Then there’s the skill of actually driving while watching the gauges and manipulating the many pumps, levers and knobs that control water flow, steam pressure, burner fuel and engine oil. Not that it’s difficult — just a bit complicated. Bourdon likens the difference between a Stanley and a gas car to that between a sailboat and a motorboat. “Sailing on a lake or an ocean requires a great deal of interaction between the sailor and the craft,” he says. “The success of the sailing has a lot to do with the sailor.”
The Stanley, with its brass-era “brightwork” gleaming in the June sun, its tufted leather seats evoking the phrase “horseless carriage,” and its fragile windscreen like rectilinear granny glasses, fulfills the antique fantasy.

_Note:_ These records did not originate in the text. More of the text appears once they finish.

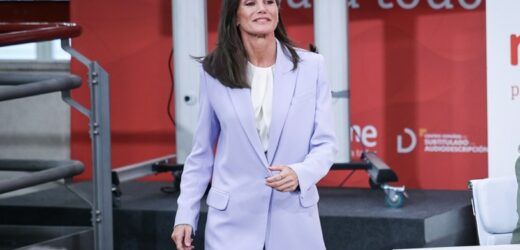 Królowa Letizia w pastelowym garniturze. Dla niej wciąż trwa lato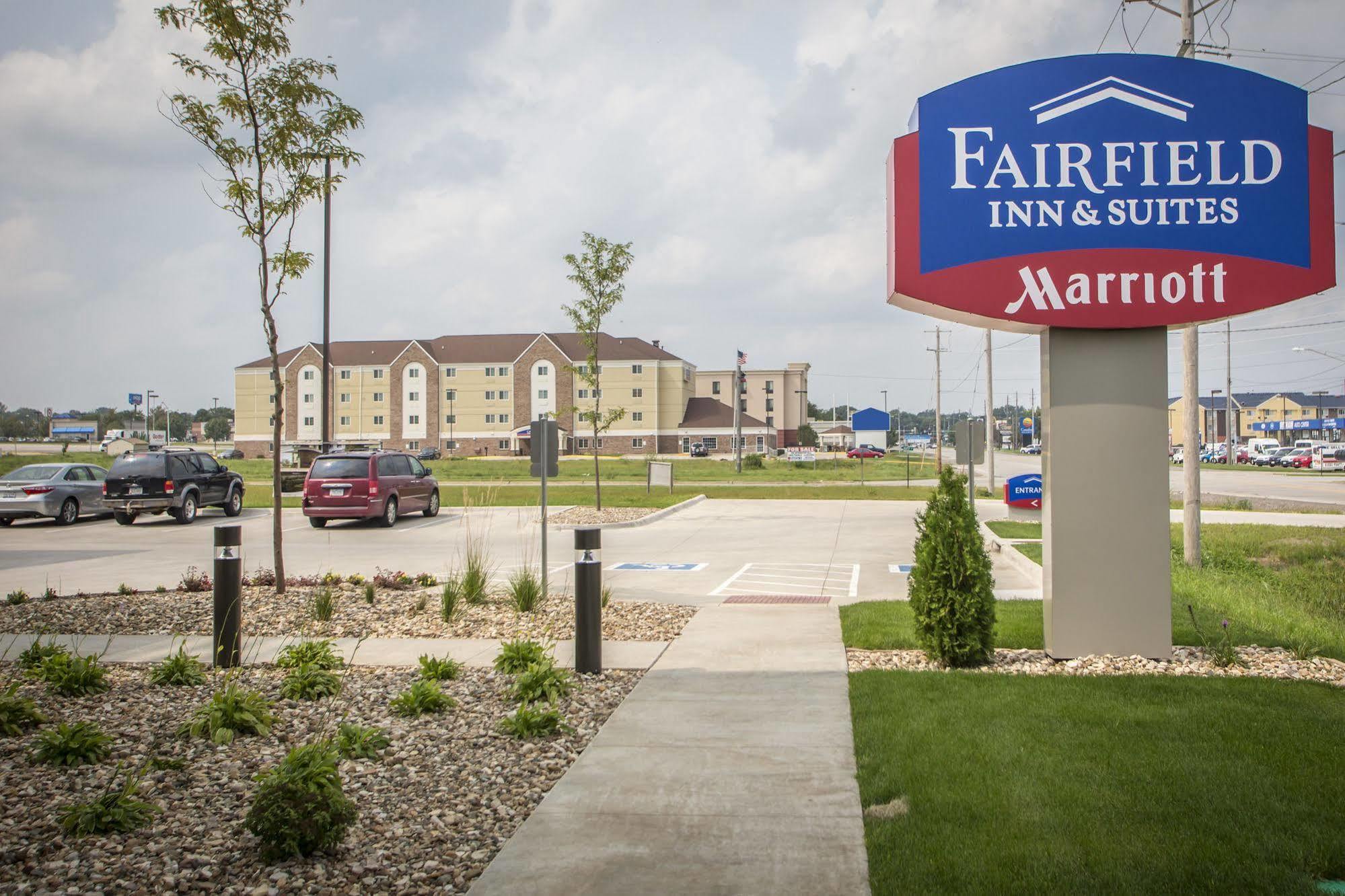 Fairfield Inn & Suites By Marriott Waterloo Cedar Falls Ngoại thất bức ảnh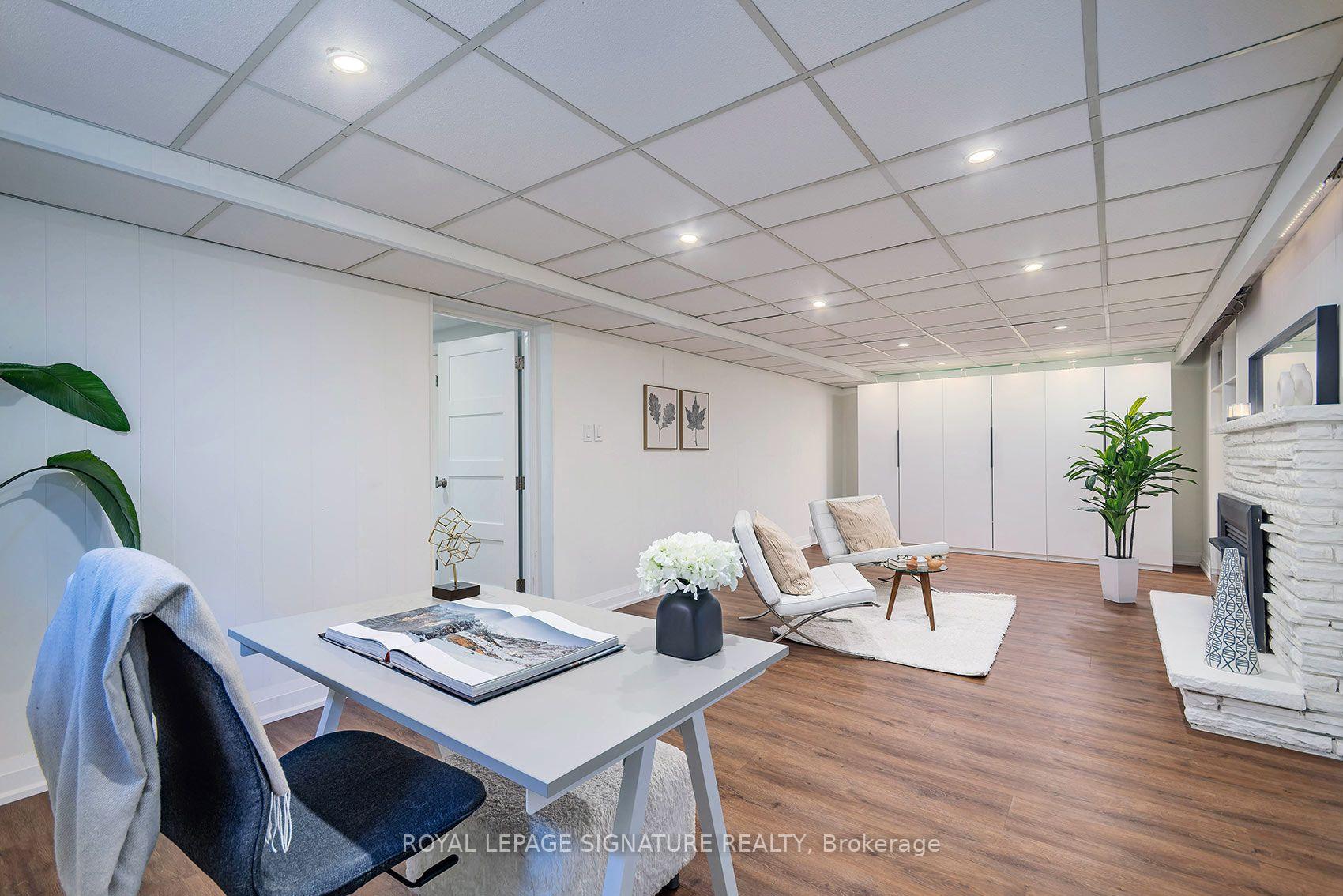 Photo 27 of 11 Koos Road, Etobicoke, Markland Wood — HOMEH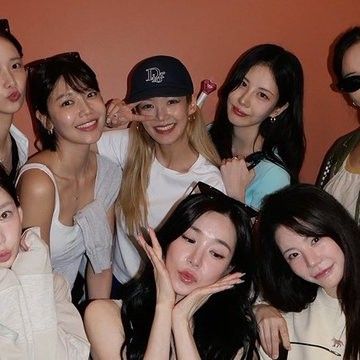 Latest photo of Girls' Generation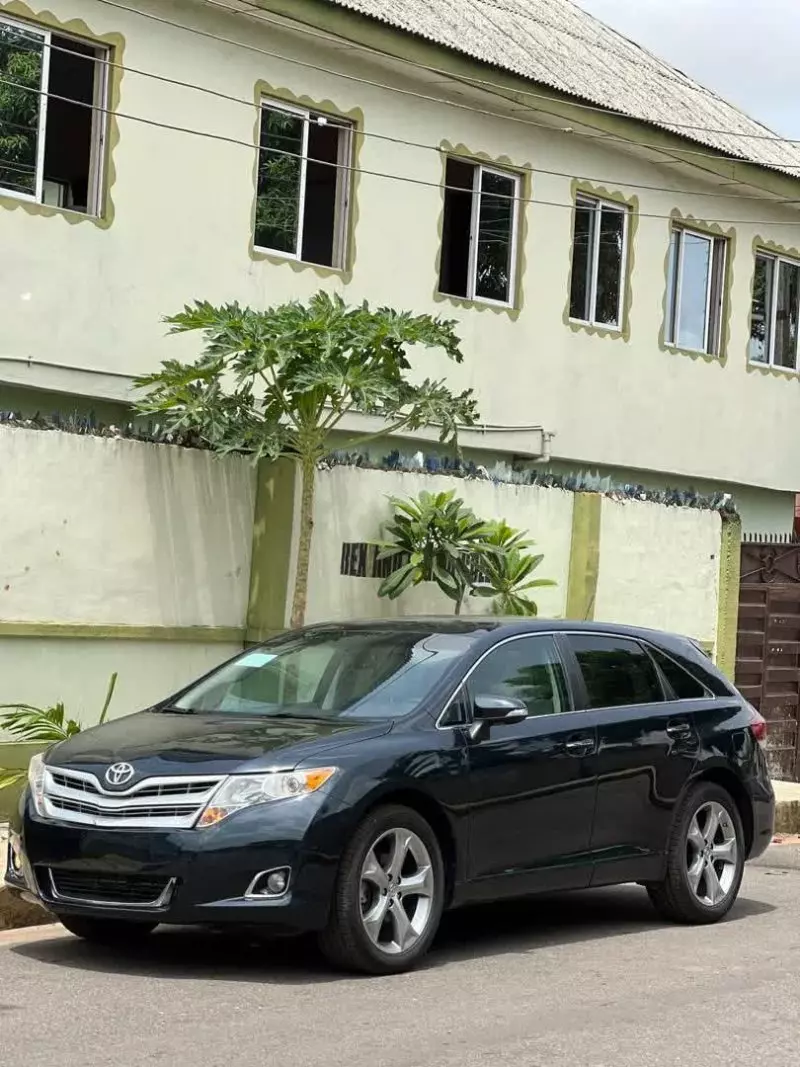 Toyota Venza   - 2013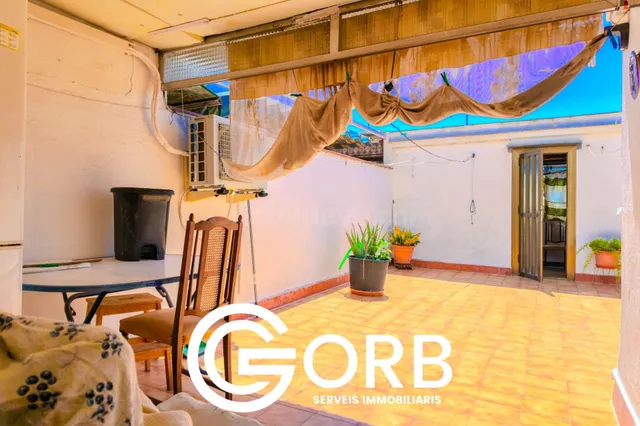 PISO CON IMPRESIONANTE TERRAZA DE 40 m2 EN CIRERA - foto 2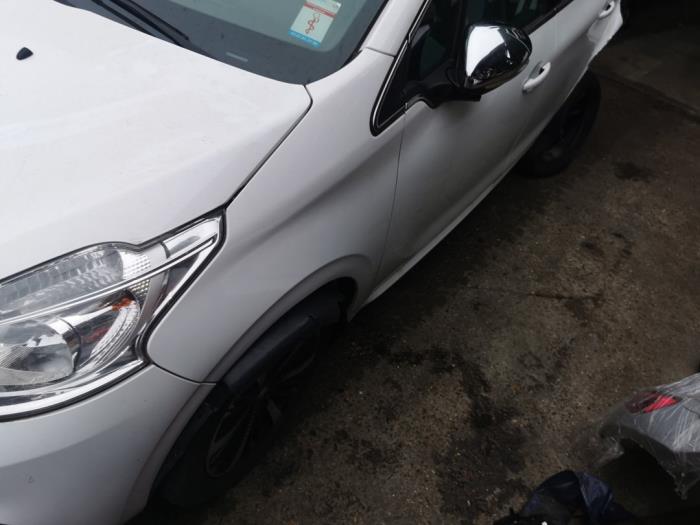 Peugeot 208 I 1.2 12V e-THP PureTech 110 Sloopvoertuig (2018)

It’s both Byzantine and beautiful; simple — with only 37 moving parts — yet eccentric. And it tells the central tale of automotive design: Evolve or die.
When the automobile was invented in the late 1800s, steam power was a proven, 100-year-old technology. It worked for what was then called the “standard pleasure car.” But steam gave way to a more user-friendly concoction — the internal-combustion, gas-powered engine.
How long its era will last is the subject of much speculation. Meanwhile, antique car collectors will soldier on, reminding passersby what driving was like before everyone got in such a big rush. “In 1910,” Bourdon points out, “you couldn’t find a road that you could drive 45 miles per hour on.”